He was optimistic, he said, about the meeting the challenges, however, presenting as strategic objectives strengthening cooperation with Member States, coordinating communications throughout the United Nations system, and creating modern, efficient and results-driven communication capacity, on the basis of lessons learned from past experience.
He said that greater fiscal efficiency is being obtained through optimal use of new technologies, including social networks and applications. At the same time, audiences were also being expanded through older technologies, greater multilingualism and partnerships with Member States and the private sector.
China National Radio, he said for example, airs UN Radio’s Chinese language programmes and live link-ups when there is breaking news, including in primetime morning slots. At the same time, the Weibo account of the UN (the Chinese equivalent of Twitter) is followed by 3.5 million people.
Mr. Launsky-Tieffenthal said that the Department would, this month, experience a significant "leap forward" with the implementation of its new digital media asset management (MAMS), which should allow all audiovisual productions of DPI to be met on a common digital platform.

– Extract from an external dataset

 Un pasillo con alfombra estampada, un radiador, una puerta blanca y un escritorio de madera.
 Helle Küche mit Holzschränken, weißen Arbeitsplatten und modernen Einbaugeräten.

On the ground, he said that partnerships with Member States have reached a new level through the network of 63 Information Centres (UNICs), which works in 53 different languages.
Finally, in response to the request of the Committee to present a strategy to produce press releases in all six official UN languages, not just English and French, Mr. Launsky-Tieffenthal announced a pilot project was underway in partnership with the Department of General Assembly and Conference Management.
In the pilot, press releases will be made available in Spanish for specific meetings and the results then evaluated to determine the additional resources needed to maintain full coverage of meetings in that language, said the Deputy Secretary-General.